Task #2045: API design and language bindings
Scalar and structured type expression and definitions for API
Operation implementations need to be able to express their allowed inputs and available outputs in ways that support easy generation of helper code and user interface code, check-pointing, and efficient data interchange across APIs and language boundaries.
To support compartmentalized optimization in scheduling frameworks, data must be representable as Futures.
To reduce the complexity of interactions in complex or "ensemble" data flow topologies, data shape metadata should allow easy accommodation of non-local dimensions and elements.
Note: the GROMACS library includes several internal frameworks that use some amount of named types for template arguments, serialization tools, etc. Compared to the current issue, the two most relevant pattens in the library now are the KeyValueTree types and the mdspan metadata, but both are in the internal library API.
In resolving this issue, we should seek to define types that can be implemented with zero run-time overhead in terms of library data types, but the essential goal is to produce clean and stable interfaces for the public API.To evaluate compatibility, consider interaction use cases with APIs such as
- Python buffer protocol
- C++ mdspan
- GROMACS KeyValue tree
- GROMACS serializer / deserializer
- GROMACS checkpoint infrastructure
Proposed data types and protocols will be submitted through Gerrit and should include design documentation, Python implementation details, and C++ implementation details.
Includes many work-arounds for an incomplete data model,
illustrating what will need to be addressed in gmxapi
self-describing type system, data shaping, and Futures
- Move several nested classes to the gmxapi.operation scope.
Introduced abstractions and refactoring to replace some
dynamic definitions in the function_wrapper closure with
composition or more tightly scoped closures.

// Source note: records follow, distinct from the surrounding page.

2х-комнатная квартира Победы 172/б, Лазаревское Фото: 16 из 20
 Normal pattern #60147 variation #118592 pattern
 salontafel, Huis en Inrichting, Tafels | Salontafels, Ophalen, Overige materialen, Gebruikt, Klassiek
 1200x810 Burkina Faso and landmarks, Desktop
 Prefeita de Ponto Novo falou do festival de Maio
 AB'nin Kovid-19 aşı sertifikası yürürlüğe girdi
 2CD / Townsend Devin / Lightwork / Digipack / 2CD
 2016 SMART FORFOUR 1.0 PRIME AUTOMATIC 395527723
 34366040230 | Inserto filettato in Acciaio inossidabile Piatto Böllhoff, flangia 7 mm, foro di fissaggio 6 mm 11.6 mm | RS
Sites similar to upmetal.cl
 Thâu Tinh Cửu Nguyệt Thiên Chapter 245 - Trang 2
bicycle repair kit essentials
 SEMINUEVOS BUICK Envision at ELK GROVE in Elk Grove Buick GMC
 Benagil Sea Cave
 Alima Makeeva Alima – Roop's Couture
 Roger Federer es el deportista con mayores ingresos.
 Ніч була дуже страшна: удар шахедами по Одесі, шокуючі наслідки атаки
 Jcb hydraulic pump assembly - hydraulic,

Provide
cleaner helpers for dynamically defined operation, input,
and output types.
- Introduce minimal NDArray class and ndarray factory.
- Replace ImmediateResult with a Future of a StaticResource
- Implement Future slicing with Futures of ProxyResource
- Define several Descriptor classes for generic attribute
accessors in standard interfaces, supporting similar
style of interaction with resources as in C++ extensions.
- Explicitly type collaborations in the preliminary data flow
- Introduce ensemble data.
- Rename append_list to join_arrays.
- Add a lot of static type hinting and run-time type checking.
Note that the execution dependency in FR2 has been superseded by the
data flow driven dependency in FR3. The syntax supported in FR2 is now
disabled to allow development towards FR4.
C++ code and Python bindings for TPR parameter read/write.
Core functionality to allow TPR files to be rewritten with altered
parameters, ported from https://github.com/kassonlab/gmxapi v0.0.7.4
with modifications to naming and coding style. (Refer to patch history.)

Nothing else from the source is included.